▶ [Exercise objective]: Go through the data and copy each line that holds "area".

·····

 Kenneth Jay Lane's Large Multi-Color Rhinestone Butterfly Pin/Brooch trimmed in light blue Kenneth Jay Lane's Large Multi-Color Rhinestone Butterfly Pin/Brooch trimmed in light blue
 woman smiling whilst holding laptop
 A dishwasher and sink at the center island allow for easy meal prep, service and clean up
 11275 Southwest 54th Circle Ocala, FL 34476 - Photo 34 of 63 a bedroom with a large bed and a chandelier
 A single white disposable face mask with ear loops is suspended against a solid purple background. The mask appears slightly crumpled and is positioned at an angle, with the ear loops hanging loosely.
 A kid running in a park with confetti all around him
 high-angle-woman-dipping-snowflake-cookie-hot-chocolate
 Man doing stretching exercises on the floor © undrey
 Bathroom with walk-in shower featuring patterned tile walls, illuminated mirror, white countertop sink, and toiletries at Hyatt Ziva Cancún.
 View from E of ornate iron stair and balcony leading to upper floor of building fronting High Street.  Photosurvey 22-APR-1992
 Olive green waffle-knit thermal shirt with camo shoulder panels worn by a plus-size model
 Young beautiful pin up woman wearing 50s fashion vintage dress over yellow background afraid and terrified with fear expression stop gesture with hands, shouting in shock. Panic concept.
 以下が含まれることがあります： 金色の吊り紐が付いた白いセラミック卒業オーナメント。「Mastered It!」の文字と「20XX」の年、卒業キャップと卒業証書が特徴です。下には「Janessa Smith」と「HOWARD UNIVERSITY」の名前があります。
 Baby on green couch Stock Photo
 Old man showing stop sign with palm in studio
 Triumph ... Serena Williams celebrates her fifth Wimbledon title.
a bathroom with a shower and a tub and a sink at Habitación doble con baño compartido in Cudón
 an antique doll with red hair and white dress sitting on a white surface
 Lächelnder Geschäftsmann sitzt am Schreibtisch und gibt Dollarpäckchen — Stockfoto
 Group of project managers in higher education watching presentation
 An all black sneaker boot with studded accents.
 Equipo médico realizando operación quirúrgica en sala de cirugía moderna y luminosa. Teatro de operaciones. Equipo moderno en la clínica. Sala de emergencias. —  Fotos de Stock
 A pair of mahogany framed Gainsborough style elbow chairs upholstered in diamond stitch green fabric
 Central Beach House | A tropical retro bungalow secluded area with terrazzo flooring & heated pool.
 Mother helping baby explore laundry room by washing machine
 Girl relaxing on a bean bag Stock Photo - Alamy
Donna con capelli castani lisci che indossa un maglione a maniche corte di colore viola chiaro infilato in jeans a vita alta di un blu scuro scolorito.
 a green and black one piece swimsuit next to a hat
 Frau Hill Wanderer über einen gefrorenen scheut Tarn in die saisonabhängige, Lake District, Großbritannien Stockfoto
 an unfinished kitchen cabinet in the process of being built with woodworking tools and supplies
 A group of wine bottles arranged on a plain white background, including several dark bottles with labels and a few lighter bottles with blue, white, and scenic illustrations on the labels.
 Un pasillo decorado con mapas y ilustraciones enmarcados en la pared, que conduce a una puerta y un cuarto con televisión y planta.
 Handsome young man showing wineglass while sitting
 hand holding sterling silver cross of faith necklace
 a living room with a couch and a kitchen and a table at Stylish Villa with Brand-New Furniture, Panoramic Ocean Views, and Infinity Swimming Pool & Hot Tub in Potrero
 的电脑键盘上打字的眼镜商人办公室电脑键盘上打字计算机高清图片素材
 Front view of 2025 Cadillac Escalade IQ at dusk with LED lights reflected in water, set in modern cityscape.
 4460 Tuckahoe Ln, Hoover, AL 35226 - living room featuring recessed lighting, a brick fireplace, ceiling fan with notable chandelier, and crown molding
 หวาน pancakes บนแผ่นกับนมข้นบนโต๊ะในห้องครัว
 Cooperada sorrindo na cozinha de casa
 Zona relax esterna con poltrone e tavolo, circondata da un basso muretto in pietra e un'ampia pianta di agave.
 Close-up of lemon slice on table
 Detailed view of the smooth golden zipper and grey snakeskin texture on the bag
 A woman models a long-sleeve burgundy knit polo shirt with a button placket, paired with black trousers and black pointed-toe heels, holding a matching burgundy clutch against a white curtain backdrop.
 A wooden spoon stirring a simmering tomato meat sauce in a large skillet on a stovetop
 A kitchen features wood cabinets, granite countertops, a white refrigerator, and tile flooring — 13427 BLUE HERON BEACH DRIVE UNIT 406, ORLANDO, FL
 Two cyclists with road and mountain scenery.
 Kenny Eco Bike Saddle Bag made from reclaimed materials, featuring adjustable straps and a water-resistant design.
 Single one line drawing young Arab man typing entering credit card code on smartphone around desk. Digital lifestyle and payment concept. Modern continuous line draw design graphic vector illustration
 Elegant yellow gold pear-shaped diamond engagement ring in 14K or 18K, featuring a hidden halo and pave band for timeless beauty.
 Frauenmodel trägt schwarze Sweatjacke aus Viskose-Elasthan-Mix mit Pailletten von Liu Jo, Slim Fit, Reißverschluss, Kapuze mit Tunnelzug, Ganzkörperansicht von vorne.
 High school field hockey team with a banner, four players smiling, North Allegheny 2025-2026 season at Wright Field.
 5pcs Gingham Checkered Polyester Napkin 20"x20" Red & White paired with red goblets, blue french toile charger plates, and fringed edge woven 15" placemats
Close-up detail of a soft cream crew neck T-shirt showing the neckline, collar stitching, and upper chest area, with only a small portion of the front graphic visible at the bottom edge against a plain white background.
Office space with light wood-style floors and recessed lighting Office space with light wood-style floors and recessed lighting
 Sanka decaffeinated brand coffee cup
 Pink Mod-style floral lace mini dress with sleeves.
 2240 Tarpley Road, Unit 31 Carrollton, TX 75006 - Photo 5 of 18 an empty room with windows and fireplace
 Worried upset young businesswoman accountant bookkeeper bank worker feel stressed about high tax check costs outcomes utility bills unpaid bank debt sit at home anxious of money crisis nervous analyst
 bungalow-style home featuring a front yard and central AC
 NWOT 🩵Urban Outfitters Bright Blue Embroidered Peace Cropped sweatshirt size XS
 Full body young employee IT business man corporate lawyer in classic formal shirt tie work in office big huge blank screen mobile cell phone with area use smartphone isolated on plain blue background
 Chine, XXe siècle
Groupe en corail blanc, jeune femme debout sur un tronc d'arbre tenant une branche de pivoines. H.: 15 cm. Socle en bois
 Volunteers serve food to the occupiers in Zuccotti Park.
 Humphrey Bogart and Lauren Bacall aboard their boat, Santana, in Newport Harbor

·····

▶ [Completed exercise]:
 Central Beach House | A tropical retro bungalow secluded area with terrazzo flooring & heated pool.
Close-up detail of a soft cream crew neck T-shirt showing the neckline, collar stitching, and upper chest area, with only a small portion of the front graphic visible at the bottom edge against a plain white background.
 Full body young employee IT business man corporate lawyer in classic formal shirt tie work in office big huge blank screen mobile cell phone with area use smartphone isolated on plain blue background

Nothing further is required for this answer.